» **Problem to solve**: Every line below between the one holding "Vila Nikolina" and the one holding "Nave industrial en venta en Lora del Río", inclusive, should be copied exactly, and no other line.
[Dataset records — start]
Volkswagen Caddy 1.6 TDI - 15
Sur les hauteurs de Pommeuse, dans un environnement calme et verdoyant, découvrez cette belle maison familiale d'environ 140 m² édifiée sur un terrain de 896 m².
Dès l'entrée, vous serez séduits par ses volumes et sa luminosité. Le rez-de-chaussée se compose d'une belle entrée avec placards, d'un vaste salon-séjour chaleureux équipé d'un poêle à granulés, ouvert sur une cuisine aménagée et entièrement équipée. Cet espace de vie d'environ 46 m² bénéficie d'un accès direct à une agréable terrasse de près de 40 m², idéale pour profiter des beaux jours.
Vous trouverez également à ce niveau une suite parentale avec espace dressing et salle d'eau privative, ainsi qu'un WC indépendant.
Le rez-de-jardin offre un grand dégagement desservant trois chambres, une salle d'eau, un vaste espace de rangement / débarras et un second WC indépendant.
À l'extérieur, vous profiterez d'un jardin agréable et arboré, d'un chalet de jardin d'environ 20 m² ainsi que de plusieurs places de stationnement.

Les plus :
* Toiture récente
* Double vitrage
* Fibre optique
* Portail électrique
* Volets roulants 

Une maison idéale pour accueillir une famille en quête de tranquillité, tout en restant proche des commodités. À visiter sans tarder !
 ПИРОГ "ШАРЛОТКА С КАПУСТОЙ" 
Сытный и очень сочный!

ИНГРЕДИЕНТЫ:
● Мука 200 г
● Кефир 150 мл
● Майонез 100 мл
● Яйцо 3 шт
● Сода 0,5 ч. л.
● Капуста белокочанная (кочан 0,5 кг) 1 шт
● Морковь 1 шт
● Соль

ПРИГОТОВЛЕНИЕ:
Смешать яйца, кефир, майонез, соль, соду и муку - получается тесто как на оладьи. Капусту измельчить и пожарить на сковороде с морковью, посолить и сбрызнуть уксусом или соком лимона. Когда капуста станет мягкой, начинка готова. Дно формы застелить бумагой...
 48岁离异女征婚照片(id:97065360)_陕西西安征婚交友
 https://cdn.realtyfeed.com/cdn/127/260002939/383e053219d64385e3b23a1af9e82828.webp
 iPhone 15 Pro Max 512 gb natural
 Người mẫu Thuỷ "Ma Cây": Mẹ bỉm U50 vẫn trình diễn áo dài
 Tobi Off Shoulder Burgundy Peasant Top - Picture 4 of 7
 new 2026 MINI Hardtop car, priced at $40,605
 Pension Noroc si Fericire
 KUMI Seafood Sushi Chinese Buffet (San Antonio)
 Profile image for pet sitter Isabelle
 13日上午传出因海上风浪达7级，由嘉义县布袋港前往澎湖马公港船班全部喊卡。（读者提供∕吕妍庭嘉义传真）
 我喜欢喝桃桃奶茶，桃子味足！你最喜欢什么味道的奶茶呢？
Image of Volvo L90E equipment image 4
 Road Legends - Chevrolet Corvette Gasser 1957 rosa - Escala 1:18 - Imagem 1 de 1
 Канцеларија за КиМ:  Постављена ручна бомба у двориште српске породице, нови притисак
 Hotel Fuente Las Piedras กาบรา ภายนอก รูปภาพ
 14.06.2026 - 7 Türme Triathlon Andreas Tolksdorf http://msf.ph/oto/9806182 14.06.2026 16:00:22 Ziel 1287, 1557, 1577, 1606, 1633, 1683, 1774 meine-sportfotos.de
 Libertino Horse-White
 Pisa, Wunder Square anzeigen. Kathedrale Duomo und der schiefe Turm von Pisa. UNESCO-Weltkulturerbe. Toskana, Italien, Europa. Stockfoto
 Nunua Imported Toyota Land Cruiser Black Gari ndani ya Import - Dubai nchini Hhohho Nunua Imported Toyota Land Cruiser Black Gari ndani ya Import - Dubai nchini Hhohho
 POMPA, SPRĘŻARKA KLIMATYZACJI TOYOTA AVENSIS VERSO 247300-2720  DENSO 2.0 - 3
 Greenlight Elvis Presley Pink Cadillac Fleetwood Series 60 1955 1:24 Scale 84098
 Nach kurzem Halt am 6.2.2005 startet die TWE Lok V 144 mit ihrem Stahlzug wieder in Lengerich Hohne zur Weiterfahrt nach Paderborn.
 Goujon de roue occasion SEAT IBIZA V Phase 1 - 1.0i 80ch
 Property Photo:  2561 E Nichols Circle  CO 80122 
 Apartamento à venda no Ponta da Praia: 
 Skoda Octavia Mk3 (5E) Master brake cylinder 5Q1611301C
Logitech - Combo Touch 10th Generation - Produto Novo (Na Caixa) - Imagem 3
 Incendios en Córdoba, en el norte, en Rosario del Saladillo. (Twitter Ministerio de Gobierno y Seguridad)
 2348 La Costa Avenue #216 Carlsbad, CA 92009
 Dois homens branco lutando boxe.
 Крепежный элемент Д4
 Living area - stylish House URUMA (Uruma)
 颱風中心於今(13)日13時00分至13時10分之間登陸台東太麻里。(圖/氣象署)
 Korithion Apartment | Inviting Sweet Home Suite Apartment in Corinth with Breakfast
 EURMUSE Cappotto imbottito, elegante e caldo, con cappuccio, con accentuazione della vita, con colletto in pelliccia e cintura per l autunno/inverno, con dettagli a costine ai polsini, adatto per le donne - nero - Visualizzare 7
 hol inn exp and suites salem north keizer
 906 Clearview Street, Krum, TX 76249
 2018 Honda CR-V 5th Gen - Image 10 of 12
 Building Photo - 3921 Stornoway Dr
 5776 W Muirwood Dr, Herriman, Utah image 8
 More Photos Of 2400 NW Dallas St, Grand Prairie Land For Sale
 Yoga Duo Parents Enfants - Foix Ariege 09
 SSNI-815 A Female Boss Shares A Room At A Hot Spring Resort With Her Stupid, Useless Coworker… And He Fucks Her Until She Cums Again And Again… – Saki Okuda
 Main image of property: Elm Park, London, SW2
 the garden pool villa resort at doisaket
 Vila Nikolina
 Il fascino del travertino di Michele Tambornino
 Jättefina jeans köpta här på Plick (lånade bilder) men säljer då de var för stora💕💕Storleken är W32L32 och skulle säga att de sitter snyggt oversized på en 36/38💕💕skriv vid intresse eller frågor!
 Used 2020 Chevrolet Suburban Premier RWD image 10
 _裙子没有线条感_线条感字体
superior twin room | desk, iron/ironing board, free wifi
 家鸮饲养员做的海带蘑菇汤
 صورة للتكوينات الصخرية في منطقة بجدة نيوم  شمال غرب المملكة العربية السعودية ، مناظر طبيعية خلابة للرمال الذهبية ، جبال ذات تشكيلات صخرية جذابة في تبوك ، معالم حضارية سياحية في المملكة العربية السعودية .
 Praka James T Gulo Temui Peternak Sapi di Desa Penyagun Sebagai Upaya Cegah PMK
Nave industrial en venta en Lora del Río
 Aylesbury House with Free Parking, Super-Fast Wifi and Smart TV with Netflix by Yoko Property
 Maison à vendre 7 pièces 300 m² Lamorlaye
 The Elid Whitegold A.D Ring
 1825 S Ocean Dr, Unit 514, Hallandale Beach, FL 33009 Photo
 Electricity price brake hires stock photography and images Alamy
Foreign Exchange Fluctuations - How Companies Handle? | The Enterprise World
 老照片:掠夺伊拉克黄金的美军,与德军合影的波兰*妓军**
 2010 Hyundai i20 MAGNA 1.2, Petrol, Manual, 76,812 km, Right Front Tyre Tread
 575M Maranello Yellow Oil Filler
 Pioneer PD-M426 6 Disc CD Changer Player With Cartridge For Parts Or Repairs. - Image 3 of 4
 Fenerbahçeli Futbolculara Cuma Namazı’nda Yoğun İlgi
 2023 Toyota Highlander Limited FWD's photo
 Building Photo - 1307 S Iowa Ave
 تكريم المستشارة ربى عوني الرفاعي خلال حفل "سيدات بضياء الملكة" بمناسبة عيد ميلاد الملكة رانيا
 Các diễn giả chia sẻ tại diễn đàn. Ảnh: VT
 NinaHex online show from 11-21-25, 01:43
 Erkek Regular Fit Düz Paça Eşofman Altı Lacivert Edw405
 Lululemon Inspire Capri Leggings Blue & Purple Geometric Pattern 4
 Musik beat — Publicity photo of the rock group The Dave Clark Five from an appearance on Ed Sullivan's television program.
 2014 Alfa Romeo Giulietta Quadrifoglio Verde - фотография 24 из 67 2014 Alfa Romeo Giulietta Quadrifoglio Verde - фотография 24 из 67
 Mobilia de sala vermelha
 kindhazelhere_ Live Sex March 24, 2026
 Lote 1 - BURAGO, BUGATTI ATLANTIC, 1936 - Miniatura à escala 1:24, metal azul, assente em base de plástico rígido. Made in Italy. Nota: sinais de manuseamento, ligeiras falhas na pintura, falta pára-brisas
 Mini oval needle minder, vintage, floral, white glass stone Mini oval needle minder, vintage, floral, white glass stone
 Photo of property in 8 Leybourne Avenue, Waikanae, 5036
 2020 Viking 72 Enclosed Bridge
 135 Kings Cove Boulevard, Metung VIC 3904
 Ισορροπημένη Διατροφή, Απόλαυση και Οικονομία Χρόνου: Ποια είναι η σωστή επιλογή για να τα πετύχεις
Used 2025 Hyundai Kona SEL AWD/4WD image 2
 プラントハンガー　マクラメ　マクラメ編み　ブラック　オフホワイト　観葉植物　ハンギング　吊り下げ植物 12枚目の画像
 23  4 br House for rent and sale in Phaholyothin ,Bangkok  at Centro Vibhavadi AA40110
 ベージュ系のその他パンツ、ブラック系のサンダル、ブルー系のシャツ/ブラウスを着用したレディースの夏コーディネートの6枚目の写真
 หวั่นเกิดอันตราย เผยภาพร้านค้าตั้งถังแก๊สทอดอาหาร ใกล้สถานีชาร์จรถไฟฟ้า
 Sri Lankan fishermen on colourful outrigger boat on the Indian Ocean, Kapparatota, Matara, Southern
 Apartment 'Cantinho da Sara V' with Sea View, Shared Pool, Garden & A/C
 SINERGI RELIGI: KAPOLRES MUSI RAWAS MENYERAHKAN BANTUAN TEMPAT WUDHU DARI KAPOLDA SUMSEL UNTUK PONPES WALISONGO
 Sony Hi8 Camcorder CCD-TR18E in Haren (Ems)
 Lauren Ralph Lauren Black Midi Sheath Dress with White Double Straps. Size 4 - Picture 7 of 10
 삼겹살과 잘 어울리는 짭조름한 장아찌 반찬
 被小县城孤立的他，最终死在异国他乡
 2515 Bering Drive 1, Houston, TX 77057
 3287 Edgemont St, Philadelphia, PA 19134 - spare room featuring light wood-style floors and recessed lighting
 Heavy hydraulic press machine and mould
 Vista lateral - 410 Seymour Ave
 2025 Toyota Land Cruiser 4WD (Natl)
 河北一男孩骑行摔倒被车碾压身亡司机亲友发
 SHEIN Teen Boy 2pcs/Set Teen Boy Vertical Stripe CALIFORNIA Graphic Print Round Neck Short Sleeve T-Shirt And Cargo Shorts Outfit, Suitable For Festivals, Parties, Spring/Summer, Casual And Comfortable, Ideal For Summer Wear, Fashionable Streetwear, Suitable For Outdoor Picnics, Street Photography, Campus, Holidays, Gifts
[Dataset records — finish]
» **Output of the task**:
 Vila Nikolina
 Il fascino del travertino di Michele Tambornino
 Jättefina jeans köpta här på Plick (lånade bilder) men säljer då de var för stora💕💕Storleken är W32L32 och skulle säga att de sitter snyggt oversized på en 36/38💕💕skriv vid intresse eller frågor!
 Used 2020 Chevrolet Suburban Premier RWD image 10
 _裙子没有线条感_线条感字体
superior twin room | desk, iron/ironing board, free wifi
 家鸮饲养员做的海带蘑菇汤
 صورة للتكوينات الصخرية في منطقة بجدة نيوم  شمال غرب المملكة العربية السعودية ، مناظر طبيعية خلابة للرمال الذهبية ، جبال ذات تشكيلات صخرية جذابة في تبوك ، معالم حضارية سياحية في المملكة العربية السعودية .
 Praka James T Gulo Temui Peternak Sapi di Desa Penyagun Sebagai Upaya Cegah PMK
Nave industrial en venta en Lora del Río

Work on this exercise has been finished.